King: Oh, no, not again. I hate this show, but it’s the news of the day, so we have to do it. It takes no brains to do Anna Nicole Smith tonight. There is no inventiveness to it, no challenge.
SPIEGEL: Why don’t you just refuse to do these tabloid stories?
King: Of course I could say no. But then they (the network) would say you’ve got to keep up with the ratings. And I do understand what they are facing. You win some, you lose some. But if they were to go too far, then I wouldn’t do it. A colleague once told me that, “If I put a couple having intercourse on TV at 9 p.m., I could win tonight.”
SPIEGEL: The character of news has changed, hasn’t it?
King: That’s the downside.
SPIEGEL: Even a star like you is powerless to stop it?
King: Sometimes it’s easier for management to take the easy way. If you want to do a show on the Middle East you will not get good numbers. Even though you can certainly say that the Middle East is certainly more important than Anna Nicole Smith. Who would deny that?
SPIEGEL: How do you deal with the competition?

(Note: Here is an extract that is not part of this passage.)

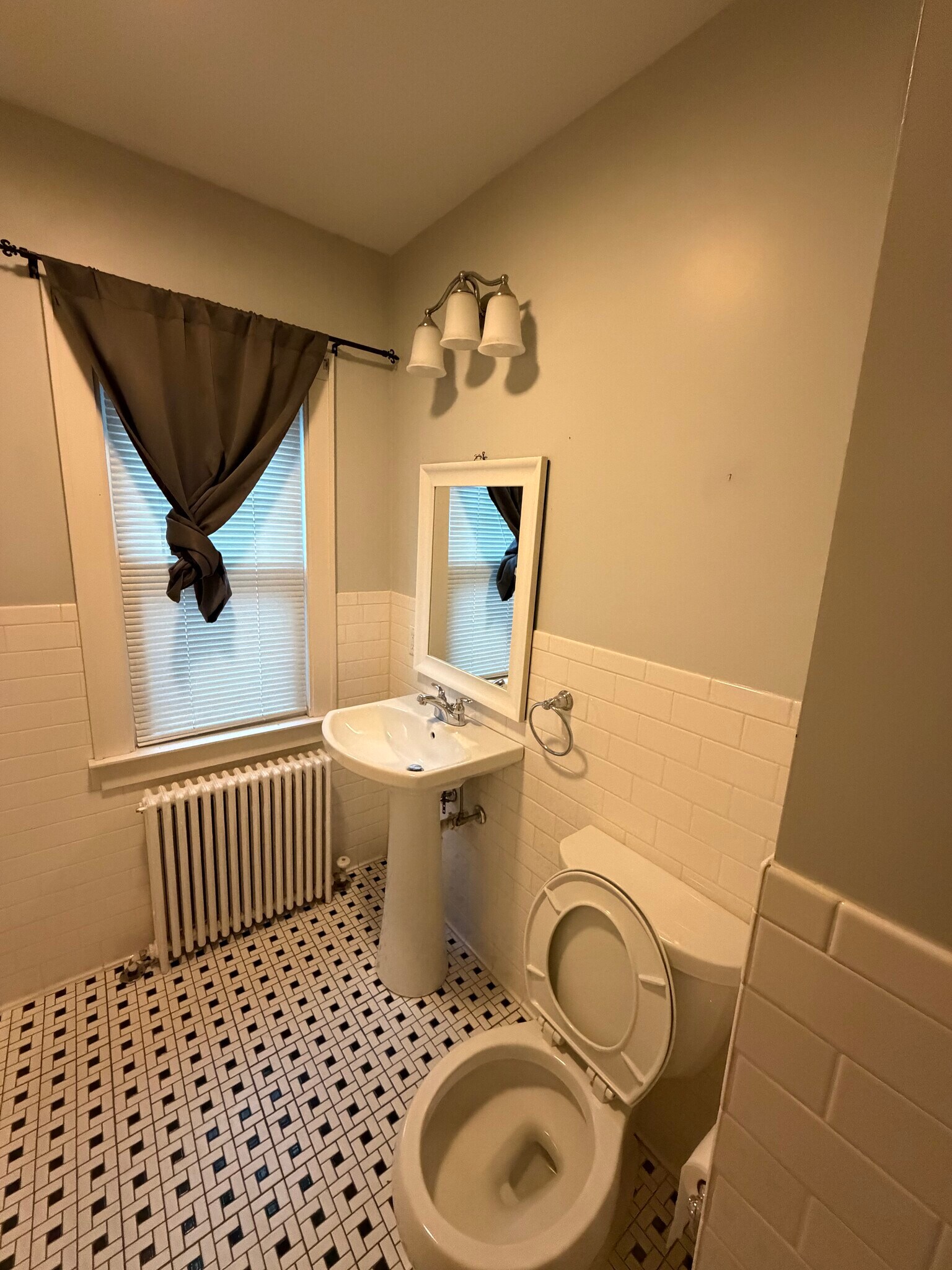 Building Photo - 860 Migeon Ave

King: An absurd competition has broken out between the talk shows. They have Anna Nicole’s brother? Then we need her doctor. Or sister. But it isn’t important. I mean, it has no effect on your life. Would we have done that years ago? In my radio days and in early television maybe one show would have been done about Anna Nicole. But Anna Nicole Smith wouldn’t have been a figure 40 years ago because she didn’t do anything. So it’s a story because it’s a story. Corporations today are run by accountants. In those days they were run by broadcasters, and they understood better what a broadcaster did. Now it comes from accounting and accounting is all about the bottom line
Wonder if King would be so candid and outspoken if this interview had been with a domestic media outlet?